PROBLEM TO WORK ON
Make an exact copy of the records that follow, with each picture omitted.

DATA SUPPLIED
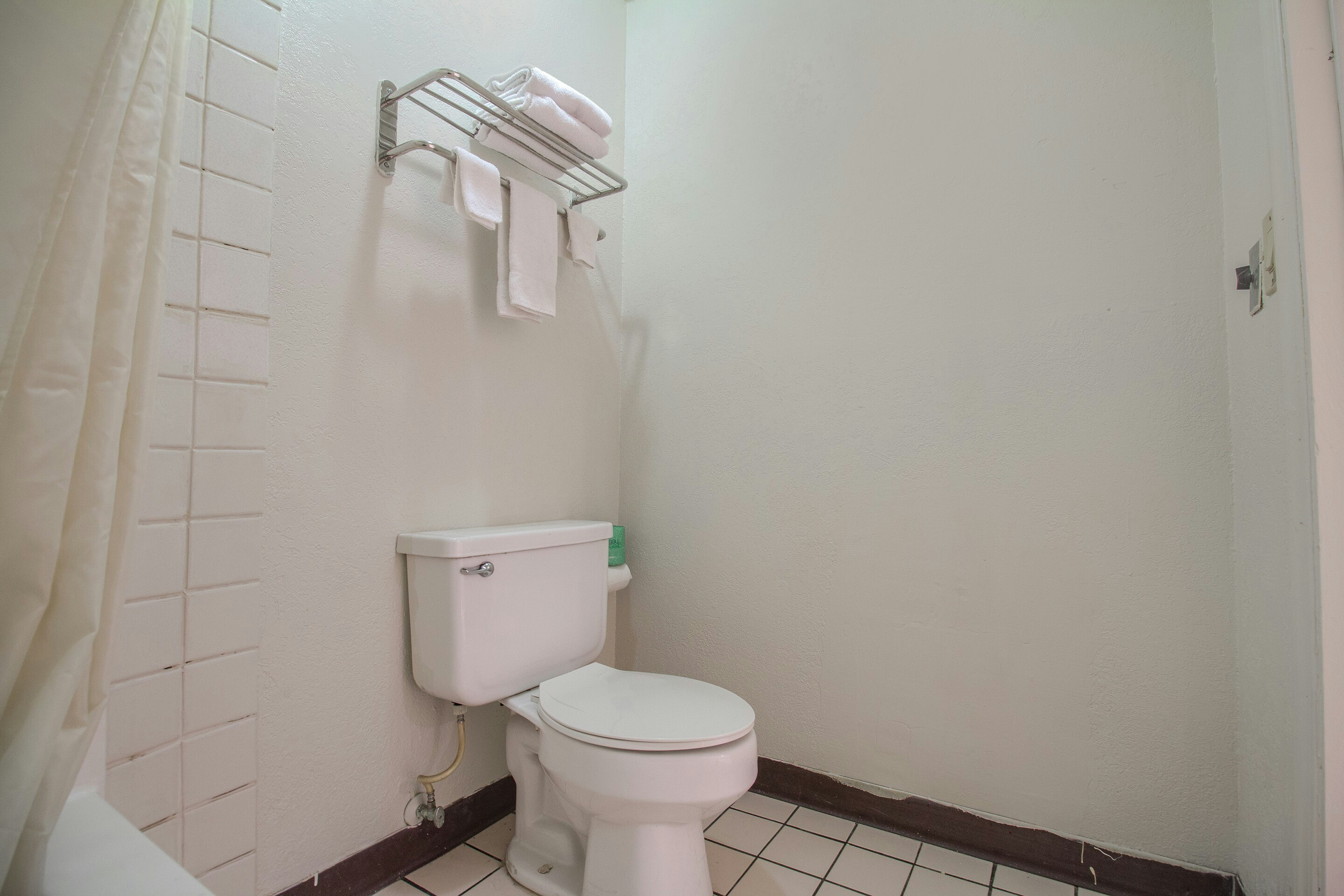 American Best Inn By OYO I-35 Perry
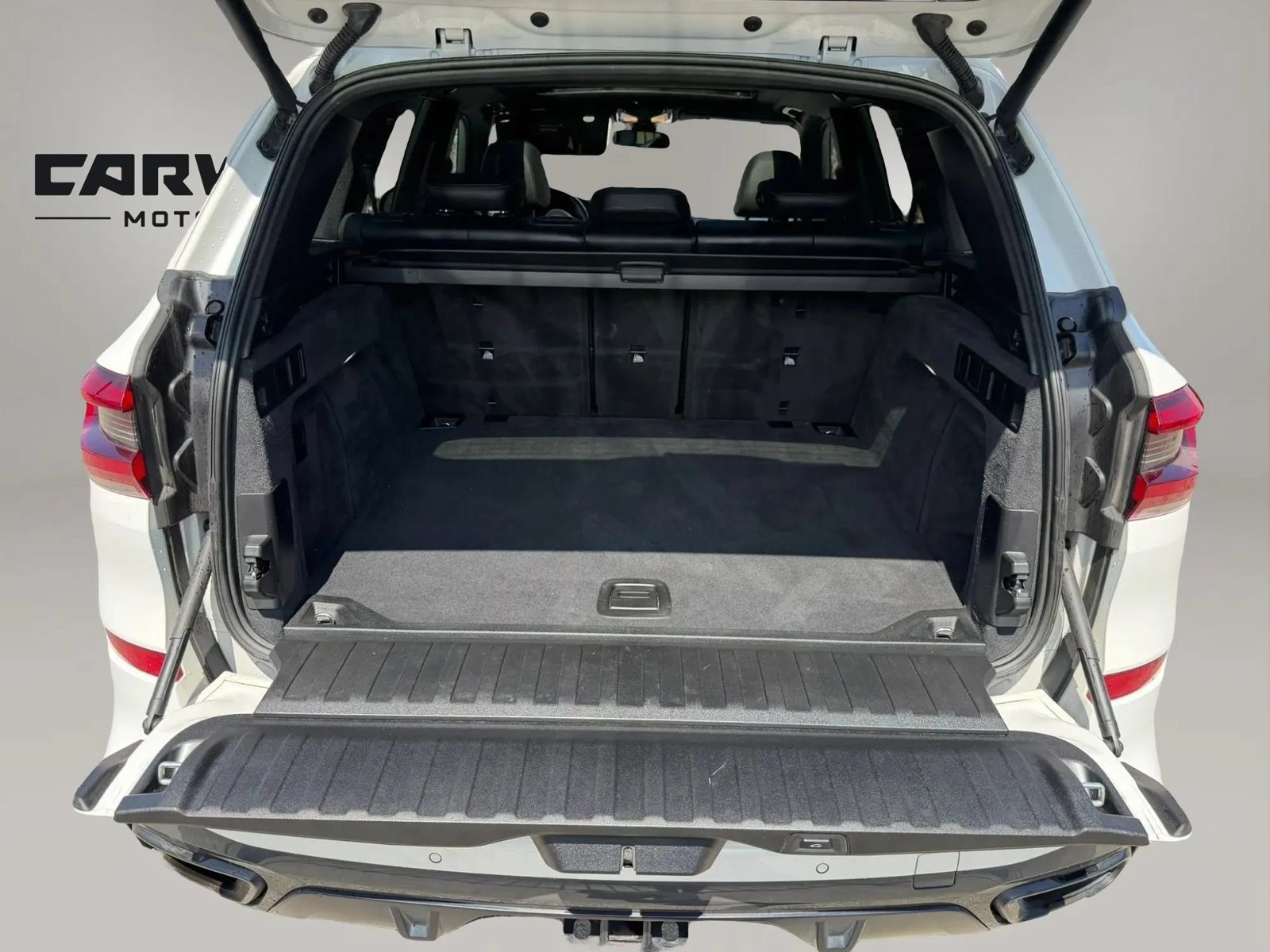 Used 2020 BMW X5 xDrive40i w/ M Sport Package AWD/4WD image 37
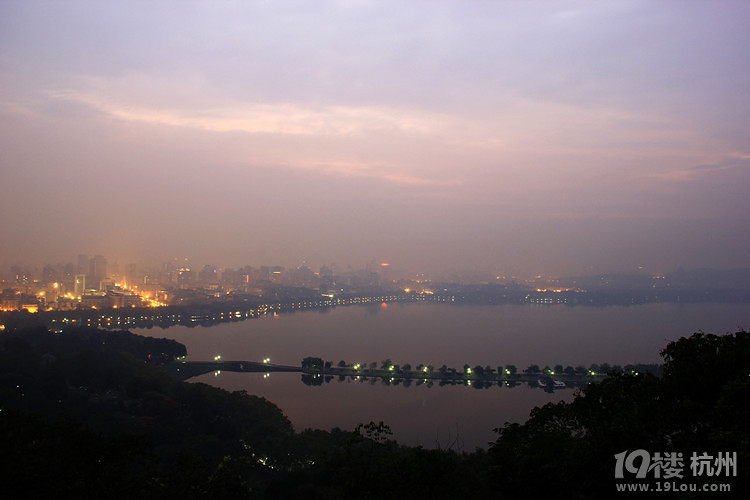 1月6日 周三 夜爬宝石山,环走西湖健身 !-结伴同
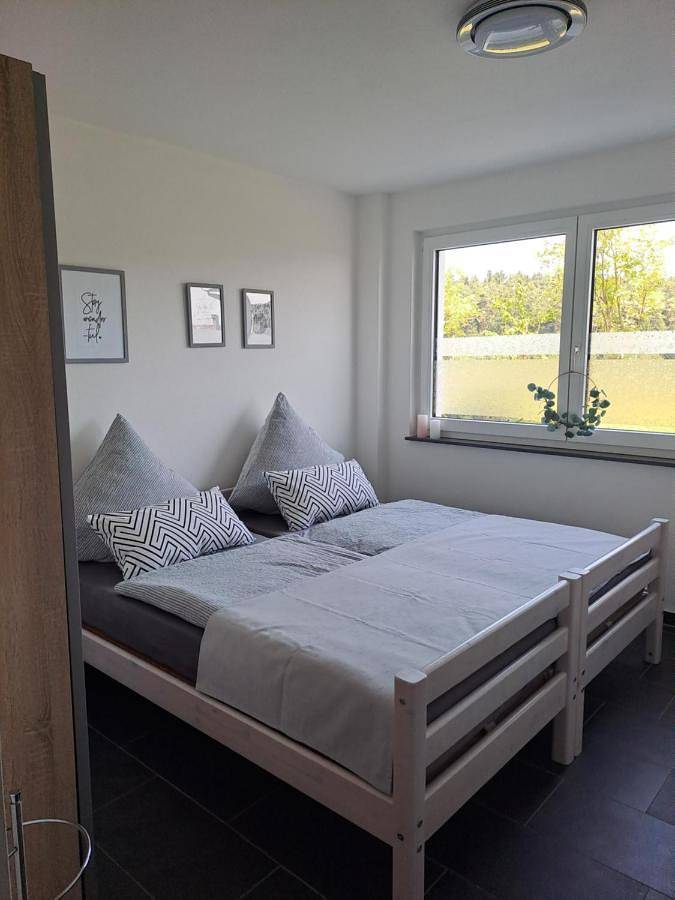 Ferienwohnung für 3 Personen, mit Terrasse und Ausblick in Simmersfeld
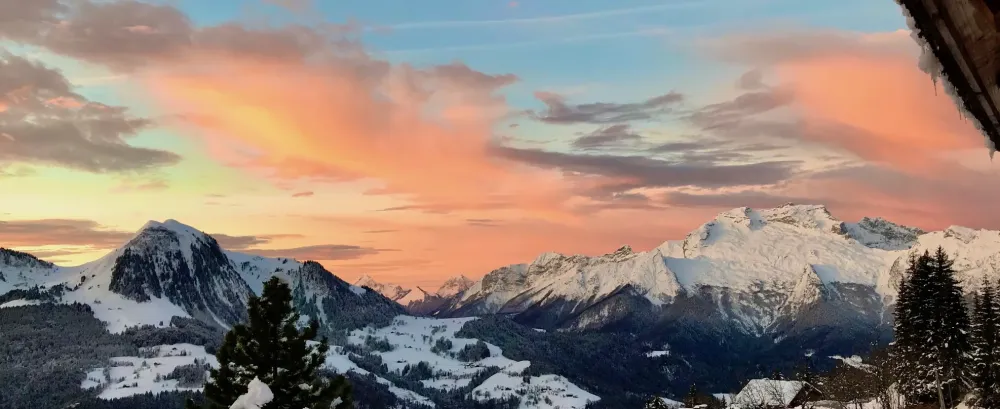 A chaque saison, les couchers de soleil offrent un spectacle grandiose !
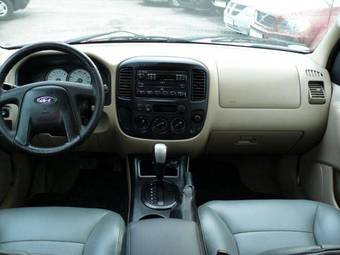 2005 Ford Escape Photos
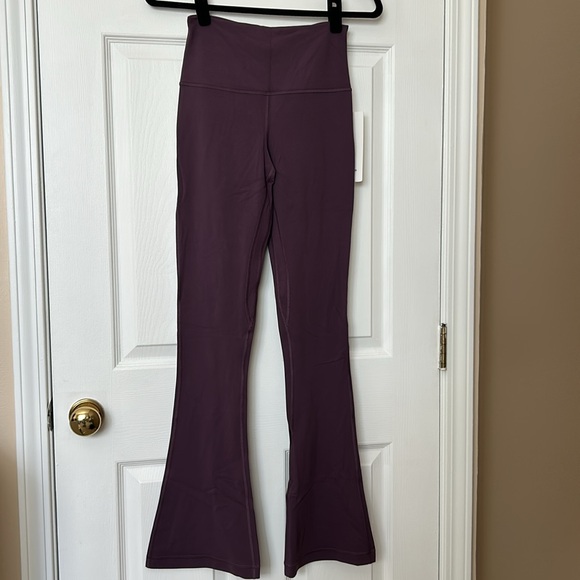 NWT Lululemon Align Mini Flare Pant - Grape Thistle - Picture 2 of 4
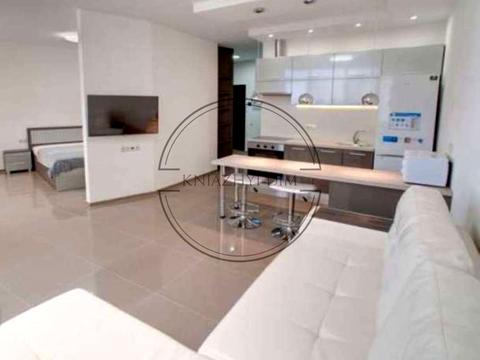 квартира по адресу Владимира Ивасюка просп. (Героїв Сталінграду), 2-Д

RESPONSE AREA
 American Best Inn By OYO I-35 Perry
 Used 2020 BMW X5 xDrive40i w/ M Sport Package AWD/4WD image 37
 1月6日 周三 夜爬宝石山,环走西湖健身 !-结伴同
 Ferienwohnung für 3 Personen, mit Terrasse und Ausblick in Simmersfeld
 A chaque saison, les couchers de soleil offrent un spectacle grandiose !
 2005 Ford Escape Photos
 NWT Lululemon Align Mini Flare Pant - Grape Thistle - Picture 2 of 4
 квартира по адресу Владимира Ивасюка просп. (Героїв Сталінграду), 2-Д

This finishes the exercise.